*** Begin section ***
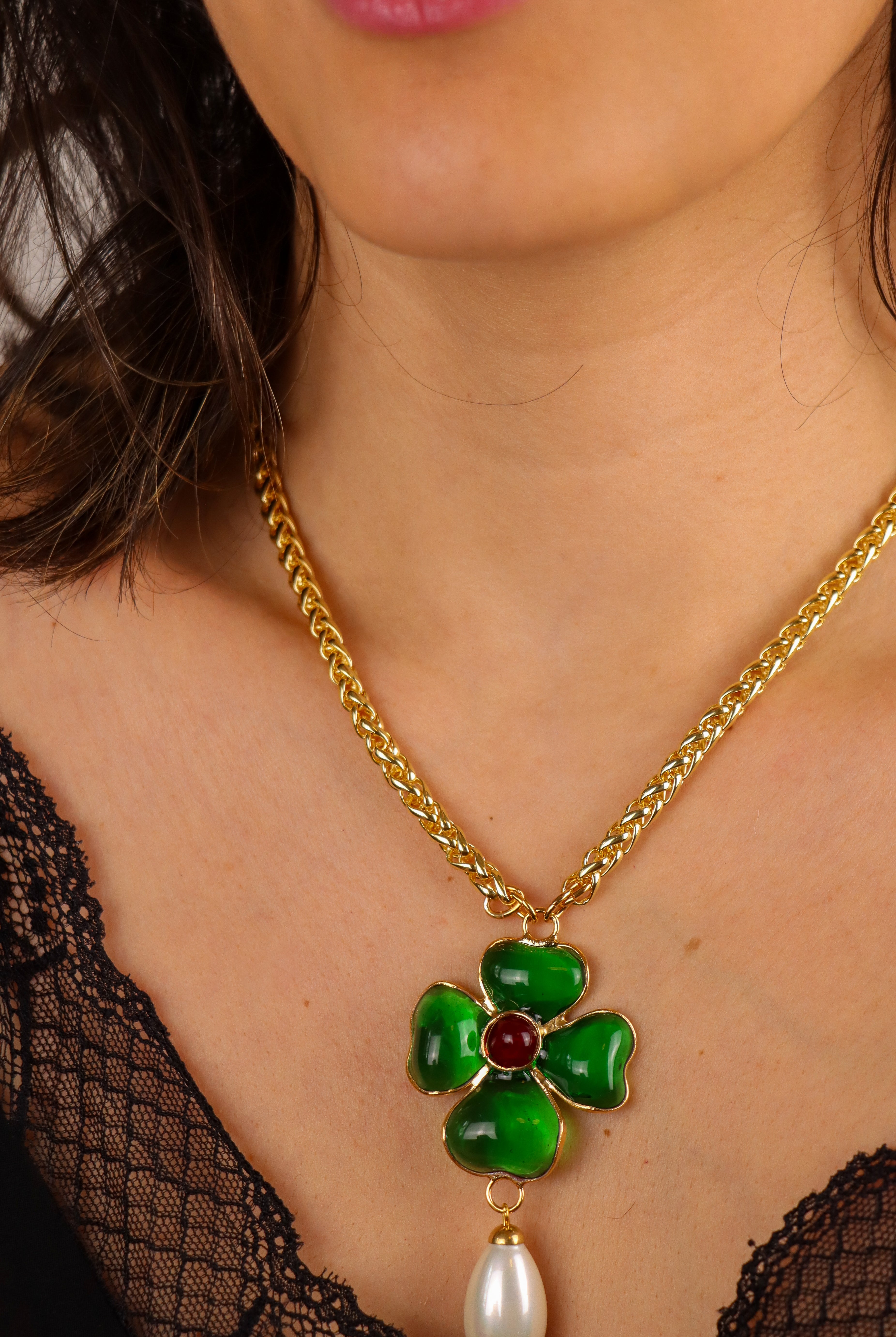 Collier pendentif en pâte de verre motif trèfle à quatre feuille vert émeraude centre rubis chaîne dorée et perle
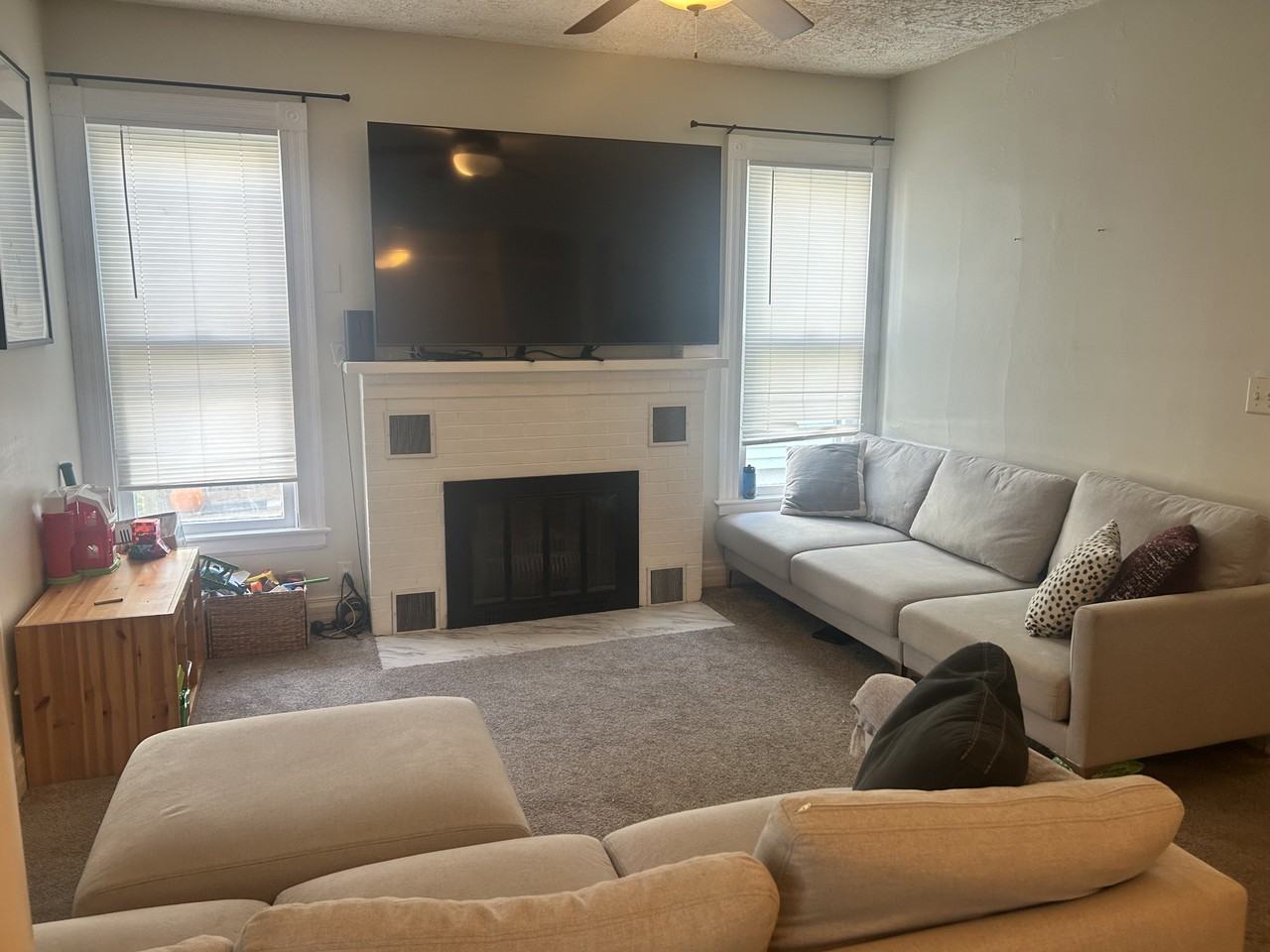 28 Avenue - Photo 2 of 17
*** End section ***
*** Begin section ***
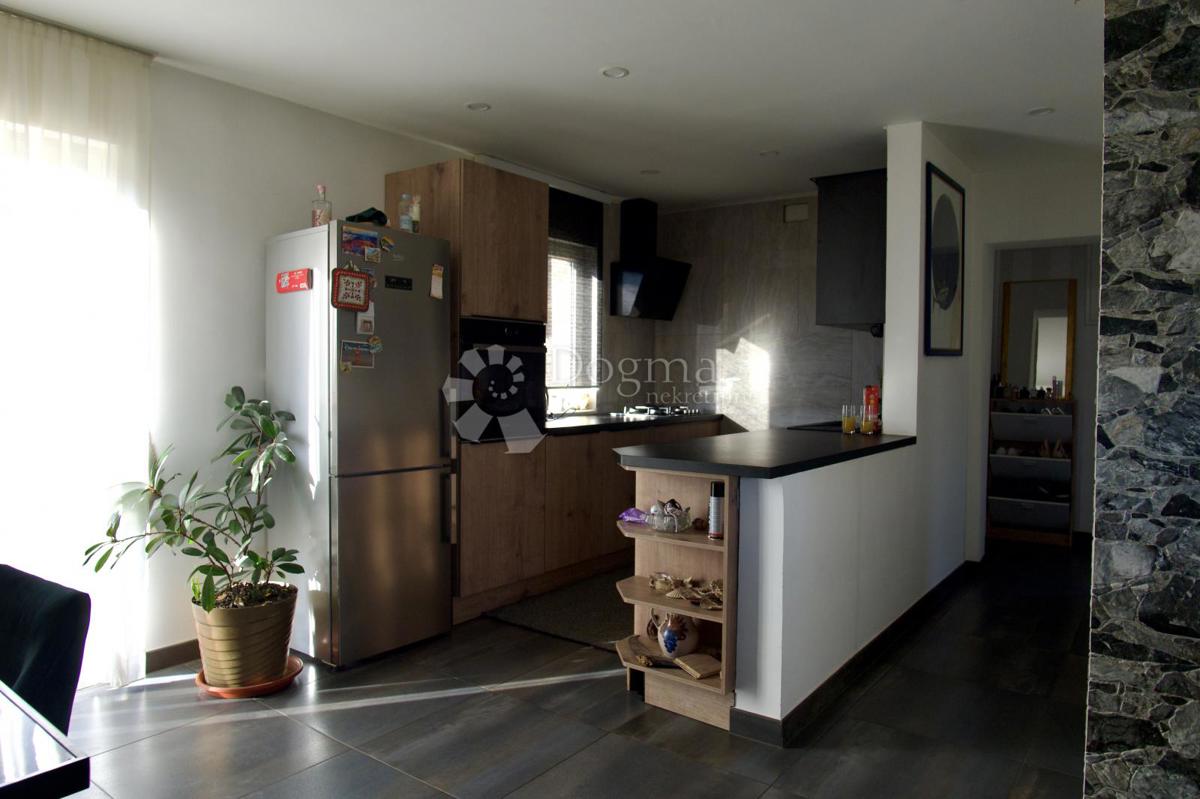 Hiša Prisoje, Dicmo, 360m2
*** End section ***
#### Work request
Retype only the lines above from the one with "Collier pendentif en" through the one with "28 Avenue - Photo 2 of 17", exactly and with both ends. Images stay out.

#### Task output
 Collier pendentif en pâte de verre motif trèfle à quatre feuille vert émeraude centre rubis chaîne dorée et perle
 28 Avenue - Photo 2 of 17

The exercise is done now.